**What you should do**
Although the records contain pictures, only their text should be repeated, exactly as it stands.

**Extracted data**
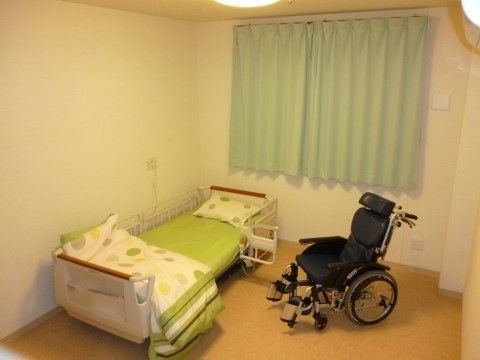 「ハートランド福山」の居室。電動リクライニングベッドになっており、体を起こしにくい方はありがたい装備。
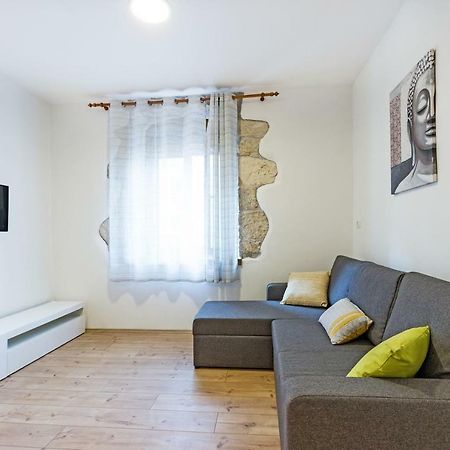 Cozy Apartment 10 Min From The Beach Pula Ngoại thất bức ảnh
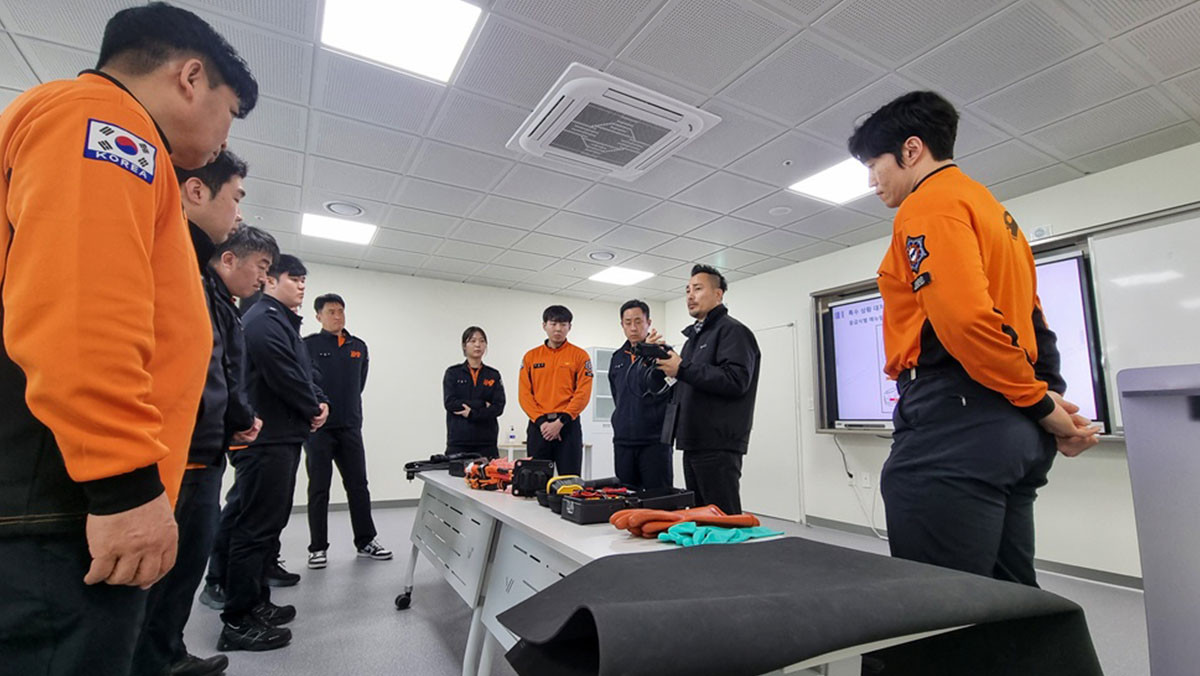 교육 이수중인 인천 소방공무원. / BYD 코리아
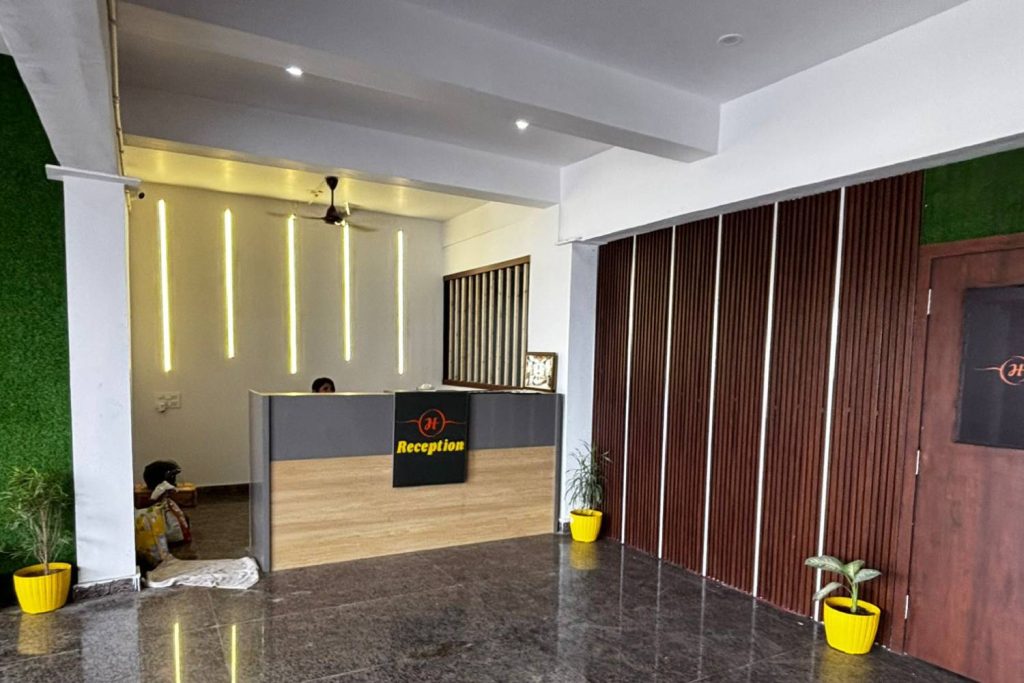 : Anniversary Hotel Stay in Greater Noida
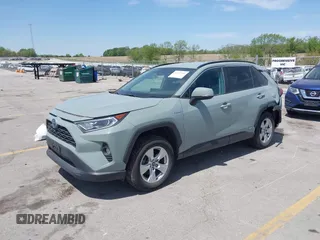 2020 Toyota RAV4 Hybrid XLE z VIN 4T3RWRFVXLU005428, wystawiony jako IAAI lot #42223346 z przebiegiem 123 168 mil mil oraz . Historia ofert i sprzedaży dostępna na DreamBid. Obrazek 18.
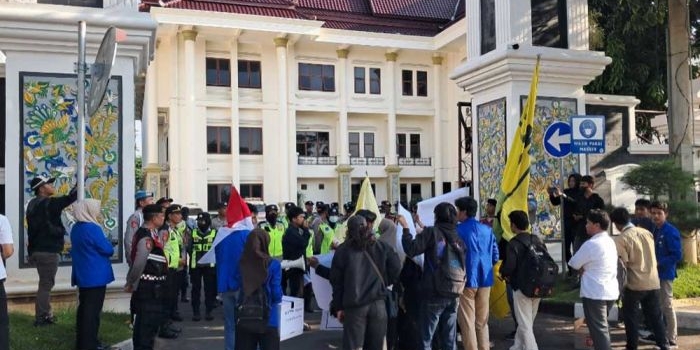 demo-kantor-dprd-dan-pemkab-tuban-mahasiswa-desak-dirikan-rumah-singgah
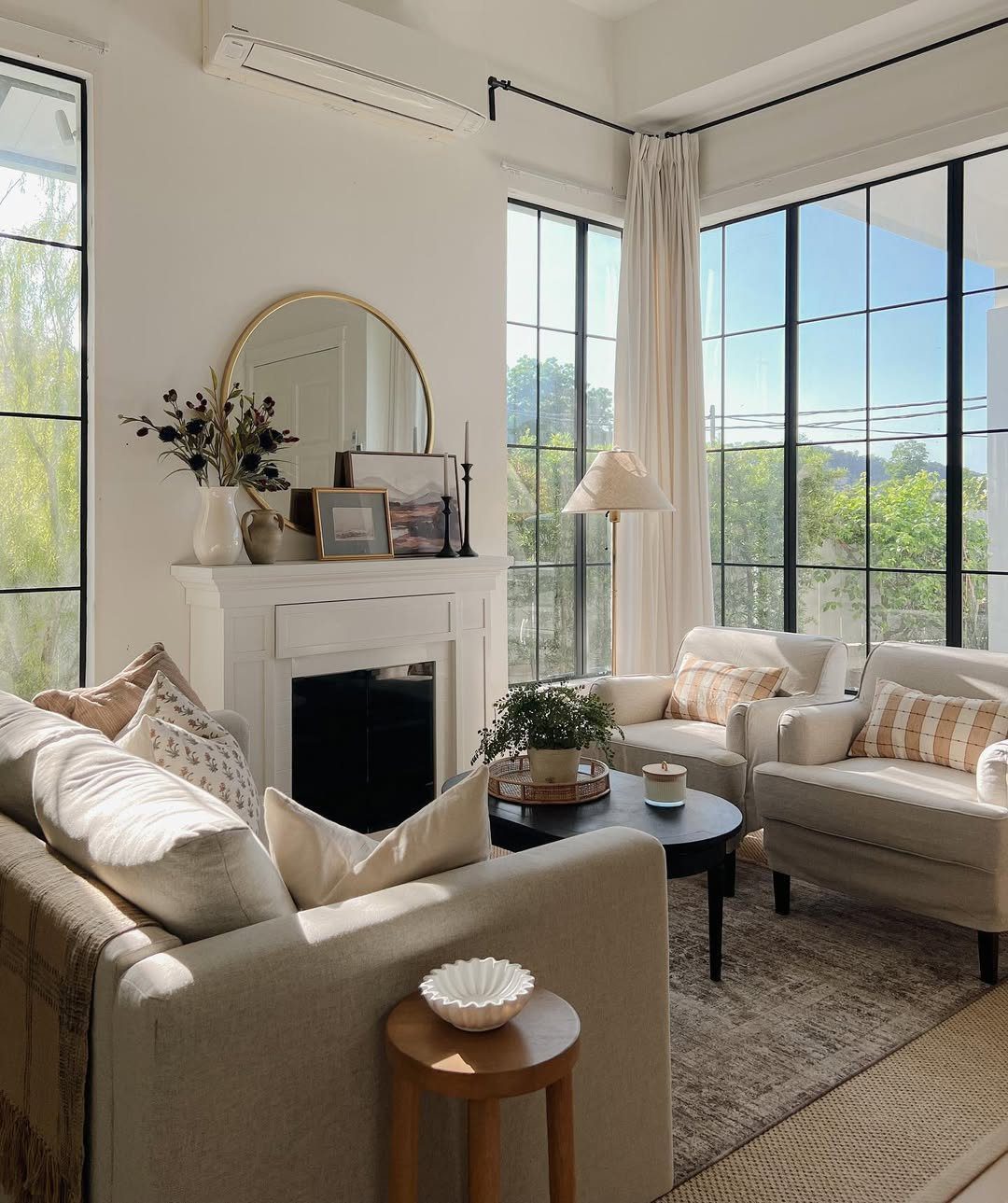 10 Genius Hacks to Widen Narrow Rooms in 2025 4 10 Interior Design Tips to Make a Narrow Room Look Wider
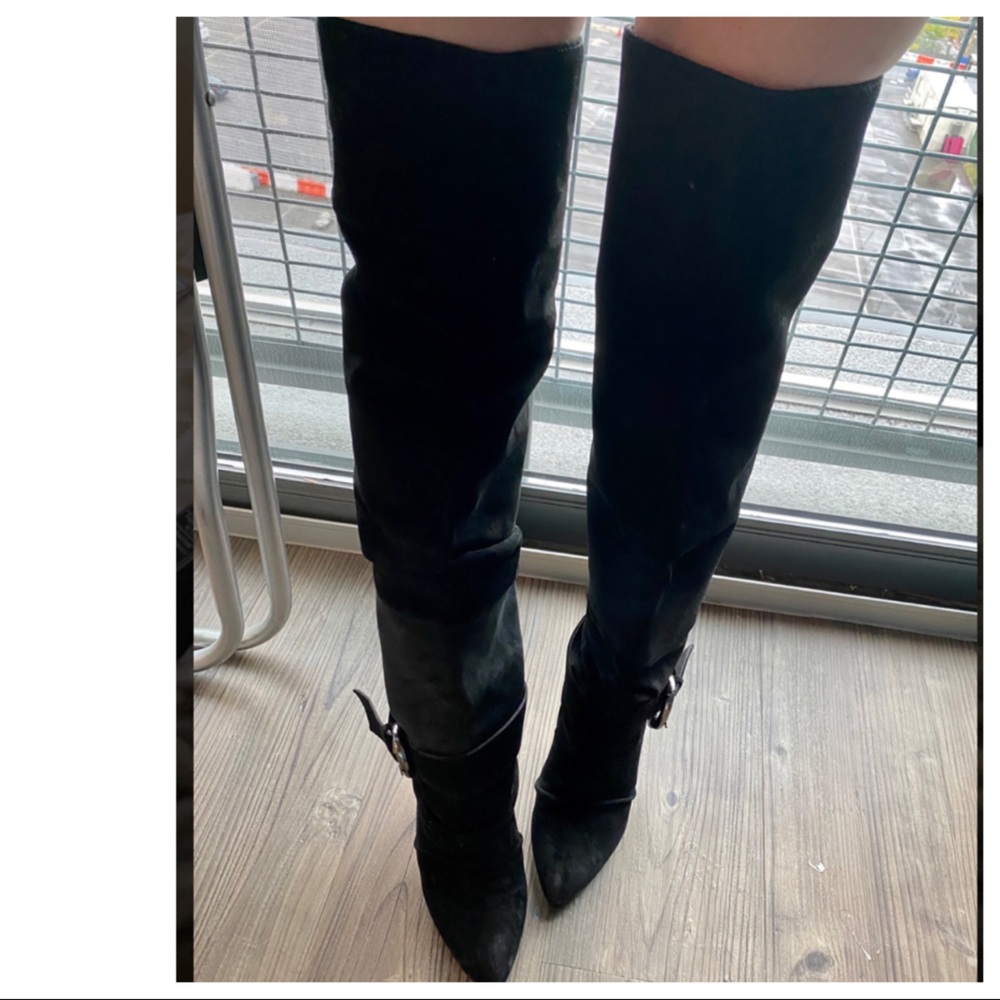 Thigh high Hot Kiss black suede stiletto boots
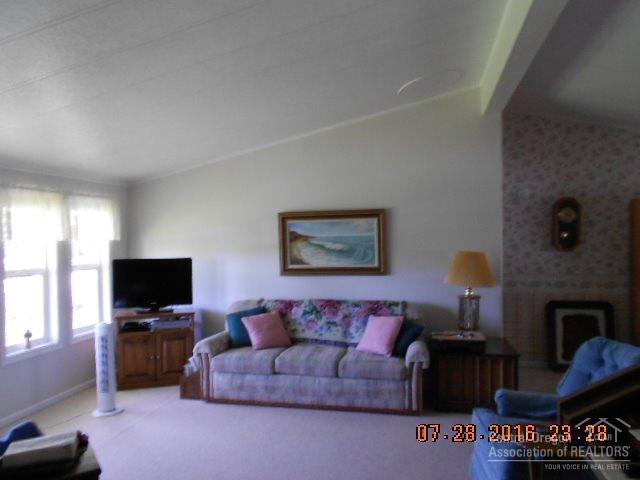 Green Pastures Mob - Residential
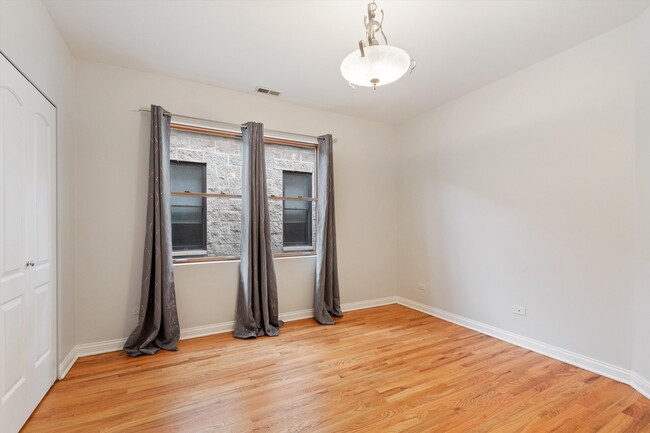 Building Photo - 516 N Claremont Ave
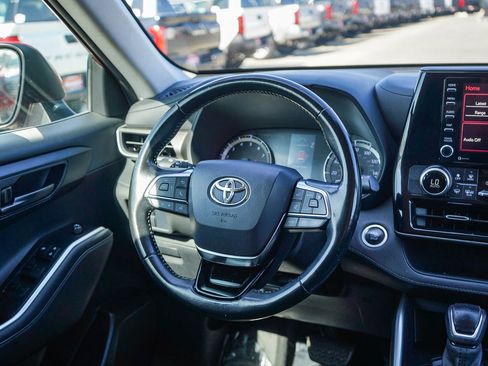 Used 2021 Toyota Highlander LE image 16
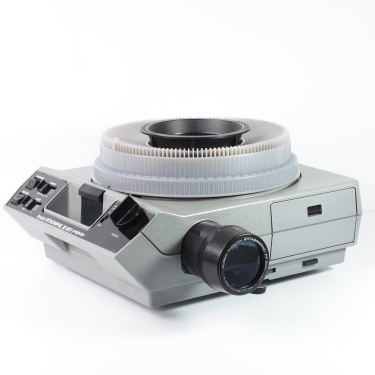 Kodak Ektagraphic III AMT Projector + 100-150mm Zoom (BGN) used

**Finished exercise**
 「ハートランド福山」の居室。電動リクライニングベッドになっており、体を起こしにくい方はありがたい装備。
 Cozy Apartment 10 Min From The Beach Pula Ngoại thất bức ảnh
 교육 이수중인 인천 소방공무원. / BYD 코리아
 : Anniversary Hotel Stay in Greater Noida
 2020 Toyota RAV4 Hybrid XLE z VIN 4T3RWRFVXLU005428, wystawiony jako IAAI lot #42223346 z przebiegiem 123 168 mil mil oraz . Historia ofert i sprzedaży dostępna na DreamBid. Obrazek 18.
 demo-kantor-dprd-dan-pemkab-tuban-mahasiswa-desak-dirikan-rumah-singgah
 10 Genius Hacks to Widen Narrow Rooms in 2025 4 10 Interior Design Tips to Make a Narrow Room Look Wider
 Thigh high Hot Kiss black suede stiletto boots
 Green Pastures Mob - Residential
 Building Photo - 516 N Claremont Ave
 Used 2021 Toyota Highlander LE image 16
 Kodak Ektagraphic III AMT Projector + 100-150mm Zoom (BGN) used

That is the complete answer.